Tesla’s annual profit fell 46% to $3.8 billion in 2025, underscoring how policy shifts and softer demand reshaped the company’s core automotive business. The drop followed the elimination of federal electric vehicle subsidies by Congress and came as Elon Musk assumed a role in the Trump administration, a combination that weighed on sales and sentiment. Automotive revenue declined 11% year over year, and global deliveries reached 1.63 million, marking a second consecutive annual slide.
Even so, Tesla outpaced Wall Street’s expectations for the quarter and full year, lifting shares in after-hours trading as investors recalibrated around the company’s growing energy and software lines.
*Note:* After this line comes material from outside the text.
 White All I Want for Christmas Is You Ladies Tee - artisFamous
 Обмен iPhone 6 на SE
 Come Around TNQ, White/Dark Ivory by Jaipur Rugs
In its shareholder letter and earnings materials, Tesla cast 2025 as a pivot toward what it calls a “physical AI” model that extends beyond cars into robotics, chips, and grid-scale energy.

Sales Slide and Margin Math as Incentives Fade
The 1.63 million vehicles shipped in 2025 highlight a notable deceleration from Tesla’s long-touted aspiration of averaging 50% annual growth. The retreat reflects a more challenging U.S. demand backdrop without federal incentives, while heightened competition in key markets has made pricing power harder to sustain. Tesla’s automotive revenue dropped 11%, confirming that volumes and mix both worked against the top line.
One surprise: margins ticked higher versus prior quarters despite the pressure on sales. Management credited a more favorable mix from non-automotive segments and ongoing cost efficiencies. That improvement won’t quiet concerns about the trajectory of the car business, but it shows the margin floor is increasingly supported by energy and services rather than vehicle pricing alone.
Energy and Software Cushion the Blow as Autos Slow
Tesla’s solar and energy storage revenue rose 25% compared with 2024, according to the shareholder letter, underscoring the scale and momentum of its grid battery projects. These deployments provide stickier, long-duration revenue and can be less cyclical than auto sales, a point analysts have emphasized in recent quarters as the energy business matures.
Services and other revenue climbed 18% year over year, supported by Full Self-Driving software, Supercharging, insurance, and parts. While FSD remains under regulatory scrutiny in multiple markets, its paid features and subscriptions have become a meaningful contributor to Tesla’s recurring revenue base. Together, energy and services helped stabilize gross margin and kept free cash priorities intact.

AI Bets and New Platforms Signal Tesla’s Next Phase
Tesla disclosed a $2 billion investment in xAI as part of that company’s recent Series E round, signaling deeper alignment between Musk’s AI ambitions and Tesla’s autonomy roadmap. The shareholder letter also highlighted in-house inference chips under development for autonomy and robotics—an effort that, if successful, could reduce dependence on external suppliers and tailor compute to Tesla’s workloads.
On the product front, Tesla reiterated that the long-delayed Semi and the ride-hailing-focused Cybercab are slated to enter production in the first half of the year. The company has begun pilot output at its Texas lithium refinery, a vertical-integration step aimed at cost control and supply security. Tesla also plans to unveil the third-generation Optimus robot, the latest proof point for its “physical AI” narrative.
What to Watch in Tesla’s Next Few Quarters
The end of federal subsidies raises the bar for Tesla’s pricing strategy and product cadence in the U.S., even as state-level incentives and global markets offer partial offsets. With competitors pressing on affordability and features, especially in China and Europe, Tesla’s ability to reinvigorate demand for its aging lineup will be pivotal.
Investors will watch whether energy growth and software attach rates can continue to outpace the slowdown in autos, and whether new platforms—Semi, Cybercab, and Optimus—translate from headlines to measurable revenue. Key indicators in upcoming quarters include delivery trajectory, automotive gross margin excluding credits, storage deployments, and any updates from Tesla’s earnings calls, shareholder letters, and regulatory filings.